Ordinal Regression Using a Neural Network

Ordinal regression is a cross between regression and classification.

A regression problem is one where the goal is to predict a single numeric value. For example, predicting a person’s annual income from age, sex, occupation, and region. A classification problem is one where the goal is to predict a single categorical value. For example, predicting a person’s region (“east”, “west”, “central”) from age, sex, income, and occupation.

A hybrid type of problem is called ordinal regression (also called ordinal classification). In ordinal regression the problem is to predict a categorical value where the possible values have an ordering. For example, predicting an employee’s job performance (“poor”, “average”, “good”) based on age, sex, education level, and pay rate. The idea here is that it makes sense to say “poor” is-less-than “average” is-less-than “good”.

Ordinal regression is surprisingly tricky and dozens of techniques have been proposed. The technique I usually use is a clever variation of standard neural network classification. Suppose you are trying to predict “poor”, “average, “good”, “excellent”. In a standard neural network classifier, the target values are one-hot encoded like poor = (1, 0, 0, 0), average = (0, 1, 0, 0), good = (0, 0, 1, 0), excellent = (0, 0, 0, 1). The network is trained with softmax activation to output a probability vector such as (0.30, 0.40, 0.10, 0.20) which would indicate a prediction of average with probability = 0.40.

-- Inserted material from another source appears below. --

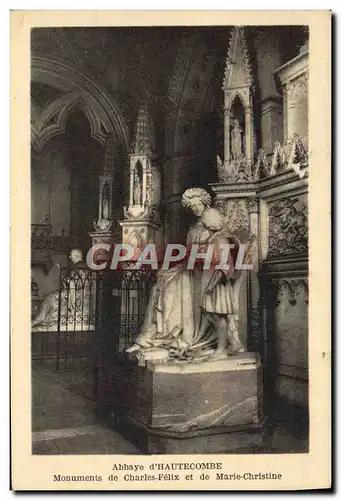 Cartes postales Abbaye D&#39Hautecombe Monuments De Charles Felix Et De Marie Christine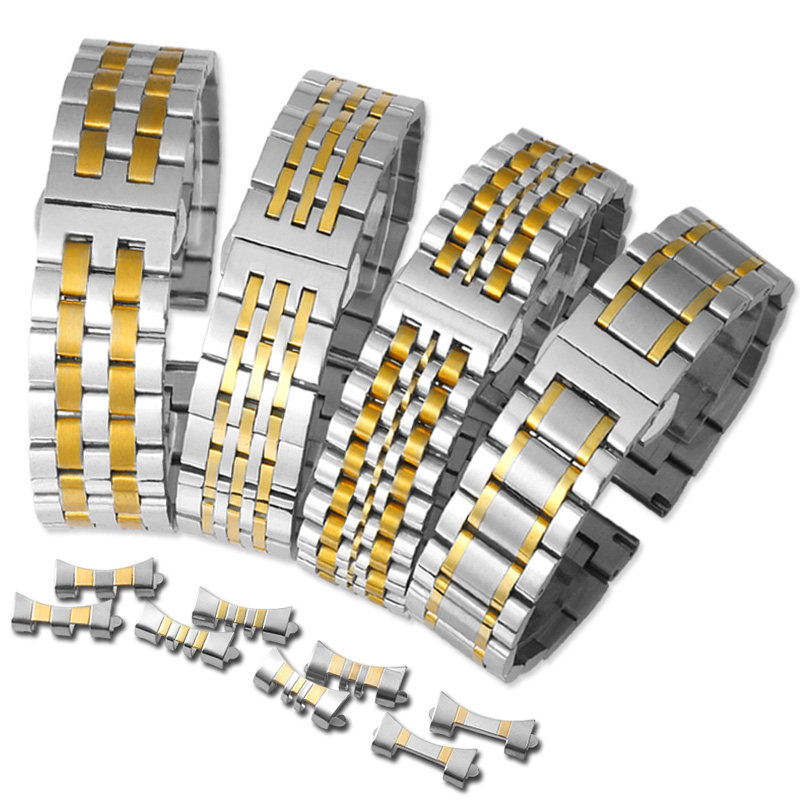 天王原装钢带男女实心不锈钢手表带 万家修表匠配件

You could use a standard neural network classifier on an ordinal problem but that approach doesn’t take advantage of the implied information you have about ordering. The clever approach I like was published by researcher J. Cheng in 2007 but doesn’t have a standard name, so I’ll call it the Cheng technique. You encode the target values like poor = (1, 0, 0, 0), average = (1, 1, 0, 0), good = (1, 1, 1, 0), excellent = (1, 1, 1, 1). Instead of softmax activation, you use logistic sigmoid activation to output a vector where each value is an individual probability such as (0.50, 0.80, 0.40, 0.60).

The technique is subtle and is based on several ideas that are used in other ordinal regression techniques. The research paper is “A Neural Network Approach to Ordinal Regression” (2007). The technique isn’t perfect. Although the technique works well in practice, the technique does not “ensure the monotonic decrease of the outputs of the neural network.”

Ordinal regression is somewhat related to ranking. In a ranking problem you assign a rank to each of a set of items. In ordinal classification you predict a single output value.


Judging a beauty pageant is sort of an ordinal regression problem. In some international pageants the women and girls wear national costumes as part of the judging. Left: Elaborate and beautiful costume worn by Miss Philippines. I rate it “excellent”. Center: Miss Japan wearing some sort of a weird comic book costume. I rate it as “that’s-Japan”. Right: Miss Thailand doing a horse style (or maybe it’s a cow). The rear end of the horse is perhaps Miss Assyria. I rate it as “what-the-heck”.

This entry was posted in Machine Learning. Bookmark the permalink.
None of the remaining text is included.